Tuesday, September 04, 2007


The Rev. Dana Prom Smith, S.T.D., Ph.D. (9/4/07)

Aunt Emily was an elderly, pale, downy-faced myopic Fundamentalist with killer halitosis and a bristling mustache. For seventeen years during my childhood and adolescence she repeatedly announced that the end of the world was “just around the corner” and that I had best get ready for the coming apocalypse. The last time I heard her end-of-the-world sermon was the day I left home for shipment overseas. I feared that the end of my world was just around the corner. Like James Thurber’s “The Get Ready Man,” she was a community curiosity along with the man who kept himself from falling down by hanging on to strap around his shoulder.

Aunt Emily urged me “to set my house in order.” I never understood what she had in mind. However, now I do. The end of the summer is upon us, and the first freeze, une petite apocalypse, is statistically scheduled to arrive September 21. It’s time to set our gardens in order. There is always some unpleasantness on the horizon for which we must get ready, April 15, final exams, I-17 to Phoenix, and September 21. For the skier, it might be the harbinger of glories to come. What’s one person’s meat is another person’s poison.

What the Lord giveth, the Lord taketh away. We’re on the threshold of taketh away time in the garden. After the good times rolled during summer’s garden party, it’s time to clean up and put away. Even well-tended gardens accumulate debris, and debris is often a haven for creepy crawly, clandestine horticultural terrorists. Get rid of the debris and their cover is blown. It’s CIA outing time in the garden.

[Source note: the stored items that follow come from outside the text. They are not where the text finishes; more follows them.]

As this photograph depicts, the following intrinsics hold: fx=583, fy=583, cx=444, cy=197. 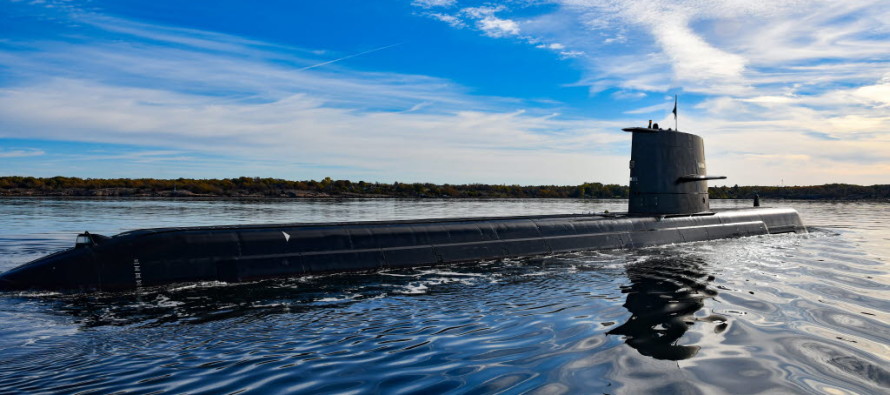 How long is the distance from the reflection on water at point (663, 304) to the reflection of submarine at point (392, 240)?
3247 millimetres

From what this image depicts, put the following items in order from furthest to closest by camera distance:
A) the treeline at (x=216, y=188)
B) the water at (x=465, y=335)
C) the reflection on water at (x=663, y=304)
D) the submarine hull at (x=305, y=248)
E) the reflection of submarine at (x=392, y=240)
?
the treeline at (x=216, y=188)
the reflection of submarine at (x=392, y=240)
the submarine hull at (x=305, y=248)
the reflection on water at (x=663, y=304)
the water at (x=465, y=335)

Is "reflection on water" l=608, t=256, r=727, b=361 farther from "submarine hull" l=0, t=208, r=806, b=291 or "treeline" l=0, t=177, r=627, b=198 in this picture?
"treeline" l=0, t=177, r=627, b=198

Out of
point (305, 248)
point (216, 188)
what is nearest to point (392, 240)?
point (305, 248)

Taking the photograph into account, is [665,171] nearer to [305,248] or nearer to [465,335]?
[305,248]

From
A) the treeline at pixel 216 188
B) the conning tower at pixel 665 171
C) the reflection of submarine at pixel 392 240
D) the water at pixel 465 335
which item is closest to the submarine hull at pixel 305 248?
the reflection of submarine at pixel 392 240

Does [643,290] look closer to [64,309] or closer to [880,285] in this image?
[880,285]

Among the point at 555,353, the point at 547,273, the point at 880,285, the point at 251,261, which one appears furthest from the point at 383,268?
the point at 880,285

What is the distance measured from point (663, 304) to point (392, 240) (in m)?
6.28

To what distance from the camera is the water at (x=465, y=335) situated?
564 centimetres

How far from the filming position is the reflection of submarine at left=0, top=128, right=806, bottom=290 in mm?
10297

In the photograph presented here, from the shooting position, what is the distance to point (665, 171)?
19.5 metres

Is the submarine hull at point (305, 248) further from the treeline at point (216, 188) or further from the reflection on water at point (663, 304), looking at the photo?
the treeline at point (216, 188)

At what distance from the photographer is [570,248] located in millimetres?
16547

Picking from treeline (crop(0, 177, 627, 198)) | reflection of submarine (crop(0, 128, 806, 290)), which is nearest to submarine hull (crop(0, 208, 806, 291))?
reflection of submarine (crop(0, 128, 806, 290))
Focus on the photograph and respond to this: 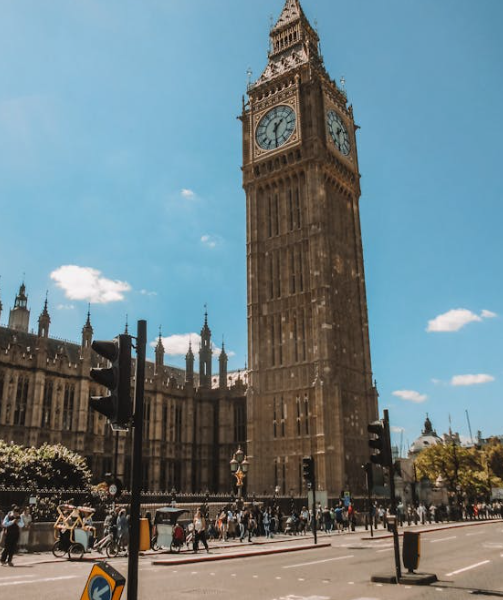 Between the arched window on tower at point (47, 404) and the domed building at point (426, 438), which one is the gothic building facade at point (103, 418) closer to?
the arched window on tower at point (47, 404)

Once while I was taking a respite from picking weeds, Aunt Emily found me sleeping behind a huge eucalyptus tree. Poking me with her cane, she screeched in a thin crackle, “Go to the ant, thou sluggard; consider her ways.” Aunt Emily favored the Book of Proverbs. As a ten year old dawdler, I was a sluggard at picking weeds. Alas, now that I’m well past Aunt Emily’s age, I realize that autumn is not a time for sluggards or dawdlers. It is pruning time, a time to get ready for the death, desiccation, destruction, and decay of autumn and a time of gloriously beautiful trees.

The first to feel the knife are those spent, dried-up shoots, vines, and stalks, the likes of corn, hollyhocks, and sun flowers, those annuals and perennials who’ve lost their bloom or been blighted with powdery mildew. It’s sans merci. If pruning and pulling times are put off, then l’apocalypse grande will overwhelm a garden with piles of debris.

In addition to cut, pull, and trim, it’s save time, as in gladiolus corms and dahlia tubers. After the autumnal blitz has struck, they have to be saved because they cannot inherit the winter’s freeze. In short, like high maintenance beauties, they must needs be dusted and saved in a peat moss comforter.

After cut, pull, trim, and save, it’s time to get ready for spring, as in pruning trees and bushes to get rid of dead, diseased, and non-productive branches and stems so they’ll perform better next year. Pruning requires an artist’s touch to groom aesthetically.

It’s also a time to plant the rhizomes and bulbs of such beauties as irides, tulips, and daffodils. If there is one constant in gardening, it’s that there is always some pleasantness on the horizon. The trick is to plant now for glory in six months. Along with planting, nearly everything in the garden needs to be covered with some kind of mulch for the coming winter.

Finally, it’s time to prepare the soil in the vegetable and flower beds for spring, as in spading, digging in new compost and manure, and raking. After the get ready time of autumn, winter gardeners, like sluggards can lie down for a snooze. As they nap and nod with their seed catalogues and gardening magazines, they can dream of spring when, as the Cajuns would say, “Laissez les bons temps rouler” (Let the good times roll).